**Data in this exercise:**

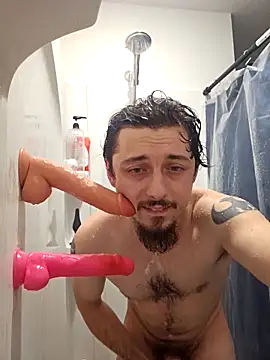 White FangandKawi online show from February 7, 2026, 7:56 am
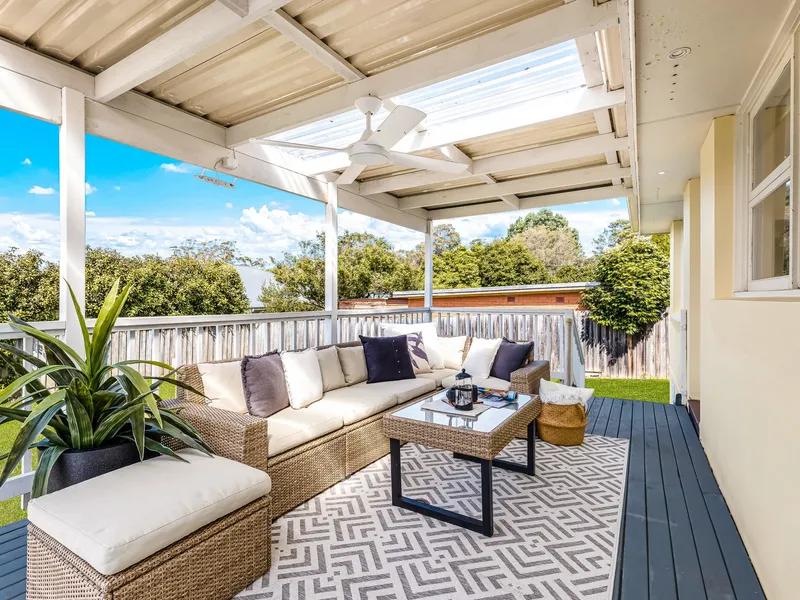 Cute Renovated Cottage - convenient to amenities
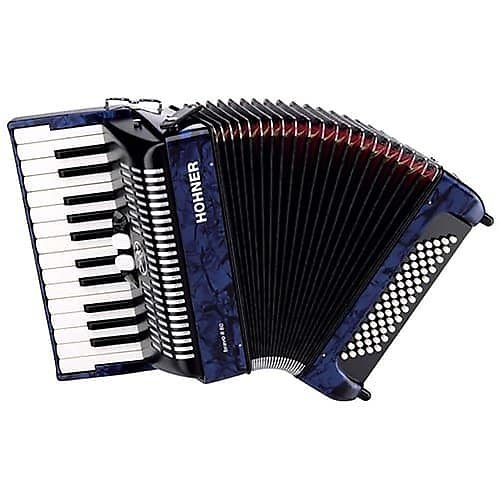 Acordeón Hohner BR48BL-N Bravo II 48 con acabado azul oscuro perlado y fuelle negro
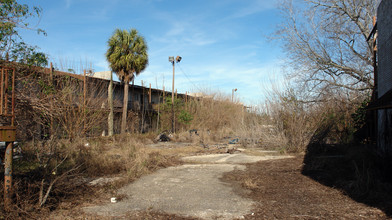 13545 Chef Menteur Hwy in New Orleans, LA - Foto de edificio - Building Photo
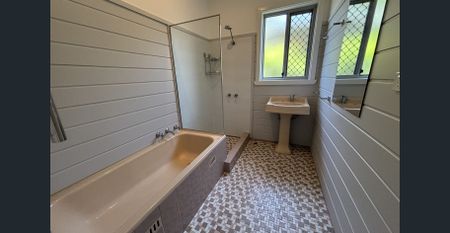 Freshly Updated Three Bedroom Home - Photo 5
* * *
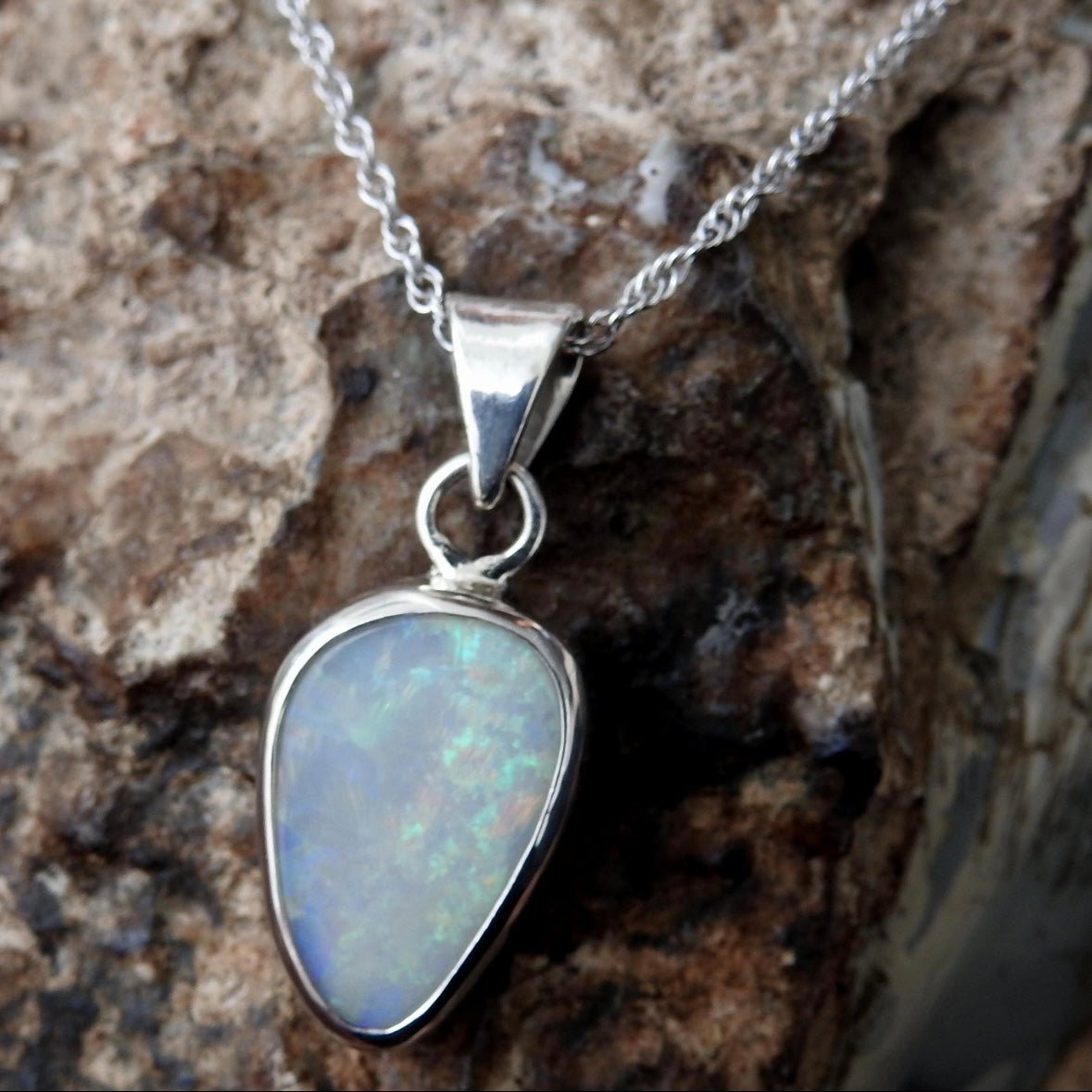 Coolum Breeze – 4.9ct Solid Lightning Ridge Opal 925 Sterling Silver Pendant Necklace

**Your objective:** The answer is the lines of the material above, from the one containing "Acordeón Hohner BR48BL-N" down to the one containing "Freshly Updated Three Bedroom Home - Photo 5", given exactly and without images.

**Written solution:**
 Acordeón Hohner BR48BL-N Bravo II 48 con acabado azul oscuro perlado y fuelle negro
 13545 Chef Menteur Hwy in New Orleans, LA - Foto de edificio - Building Photo
 Freshly Updated Three Bedroom Home - Photo 5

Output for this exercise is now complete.